La guerre d’Algérie fait actuellement partie des programmes scolaires d’histoire. Les archives sont ouvertes, un numéro spécial Historia Guerre d’Algérie Paroles de soldats dont la 1ère page de mon journal est parue en avril 2018. Le Figaro, en collaboration avec la Bibliothèque Nationale, publie actuellement une superbe collection d’originaux de Journaux de guerre -1954 Algérie – 1962, sur Internet Franck Ferrand Europe 1, Émission Le Récit Albert Nallet, Un appelé communiste.
Depuis 2008, je témoigne, souvent accompagné de Djoudi Attoumi et d’Abdel Azzi, anciens officiers de l’ALN dans des lycées, collèges, écoles primaires (classes de 1ères et terminales) devant quelque 80 classes. Les élèves sont impressionnés d’avoir des témoins des deux côtés.
Leurs questions sont nombreuses et pertinentes et portent sur :
. les combattant·es algériens n’hésitant pas à donner leur vie plutôt que de se rendre, traités de hors-la-loi animés d’un profond engagement qui leur a permis de résister aux dures épreuves imposées par l’armée française, 4e puissance militaire du monde (vie clandestine dans le maquis, torture infligée pour arracher des renseignements, « corvée de bois », exécutions sommaires -140 000 mort·es en martyrs-, un quart de la population civile accusée de protéger les fellaghas déplacée, 300 000 réfugié·es en Tunisie et Maroc, 207 guillotiné·es, 8 000 villages et des milliers d’hectares de forêt brûlés au napalm.

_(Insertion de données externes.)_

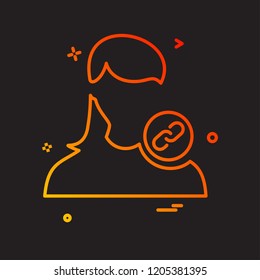 Female icon design vector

. les 30 000 mort·es dont près de la moitié appelés du contingent, 65 000
blessé·es, 300 000 traumatisé·es psychiques. Pour ma part, le fait d’avoir tenu un journal sur les lieux d’opérations me permet de relater les faits tels qu’ils se sont produits sans la déformation involontaire qui pourrait s’en suivre. Les élèves ayant presque l’âge que j’avais lorsque je suis parti là-bas mesurent la dure vie dangereuse, angoissante qui nous a été imposée.
Les questions les plus récurrentes, pour en citer quelques-unes significatives sont les suivantes :
À moi-même : « Pourquoi les gens ne manifestaient-ils pas plus contre la guerre en 1956 – Avez-vous torturé ou tué – Qui le faisait – Vous êtes-vous trouvé face à un combattant – Votre mère devait pleurer tous les jours – Comment s’est passé votre retour ? » .
A Alger, en 2013, lors d’une invitation au Festival International de la Littérature et du Livre de Jeunesse puis un collège de Tizi-Ouzou : « Comment avez-vous fait pour tenir le coup ? Étiez-vous nombreux comme vous contre la guerre ? Avez-vous songé au refus d’obéissance ou à la désertion ? ».
Je leur lis la préface de mon livre « On n’efface pas la vérité » . Guerre d’Algérie intitulée Le cauchemar (tragique embuscade au très lourd bilan : 5 morts, dont le lieutenant chef de convoi, et 7 grièvement blessés).
À Djoudi Attoumi membre de la commission du cessez-le-feu en 62, auteur de « Avoir 20 ans dans les maquis » : « Albert Nallet c’est un frère de combat, pas fait pour la guerre mais pour l’émancipation humaine, un monde sans guerre fraternel et solidaire ».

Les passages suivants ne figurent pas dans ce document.